The Need for Control in Cancer Therapy

Cancer therapies follow national or international guidelines that are typically outlining the recommendations from the latest and most successful research studies on cumulative dosing, therapy staging, and therapy combinations. However, the therapy parameters, such as dose frequency and dose magnitude, are typically based on the prescribing physician’s assessment of the specific tumor characteristics (i.e., BRCA1 and BRCA2 gene mutations in breast cancer for instance) and behavior (i.e., multistage carcinogenesis, from tumor genesis to metastasis).

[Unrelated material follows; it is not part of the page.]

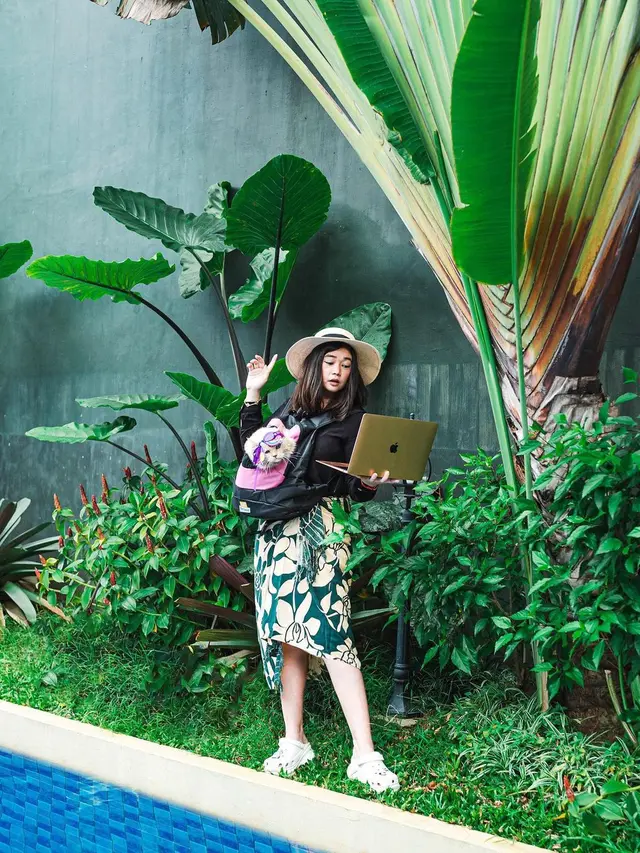 7 Potret Sederhana Olivia Allan Istri Denny Sumargo, Sering Curi Perhatian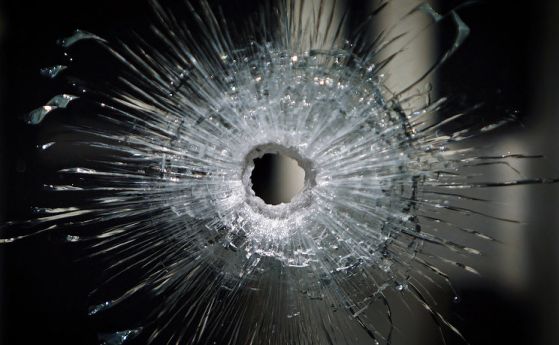 Трима души загинаха при стрелба в училище в град Ацтек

The motivation to use control theory in therapy design stems from a couple of phenomena that describe the intricate dynamics of the tumor-immune-drug network, such as periodicity, resonance, and synchronization. For instance, cell growth is maximal when the periodicity of drug administration is a multiple of the characteristic periodicity of the cell population, as demonstrated in Kim et al. [6] and more visible in cell-cycle specific drugs, as described in McDonald et al. [7]. In this case, tumor growth is maximized when the periodicity of environmental perturbations acting upon the tumor is a multiple of the periodicity of the tumor population dynamics [8], and hence beneficial to exploit in drug administration. Nevertheless, such temporal phenomena can become more complex when the dynamics of the drug and the tumor-specific to a patient come into play. For instance, the work in Agur et al. [9] introduced a control theoretic approach based on resonance–antiresonance drug pulsing combined with vascularised tumor growth models for drug scheduling optimization and “drug dense paradigm” (in the Norton-Simon sense) that depends on the patient’s cytokinetic and angiogenic parameters. Phenomena such as resonance can be used for timing the inter-dose interval to maximize the efficacy/toxicity ratio and minimize the toxicity/efficacy ratio (the dual problem).

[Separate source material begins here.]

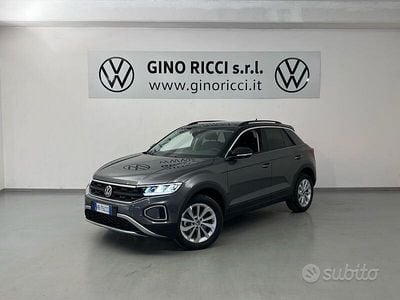 Grigio Nuova 2025 VW T-Roc SUV | 32.500 € (Buon prezzo)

Finally, when considering population-level interactions, covering both between-population competition (e.g., tumor–immune) and within-population cooperation (i.e., tumor–tumor), therapy design can exploit various phenomena which span across spatial scales. For instance, as cell population persistence depends on the local level of synchronization between the environmental and population processes (i.e., interaction among extracellular matrix and tumor) as shown in Agur et al. [10], the therapy could, in principle, induce resonance through optimal drug dosing interval that maximizes host drug susceptible cells growth and minimizes malignant cells growth.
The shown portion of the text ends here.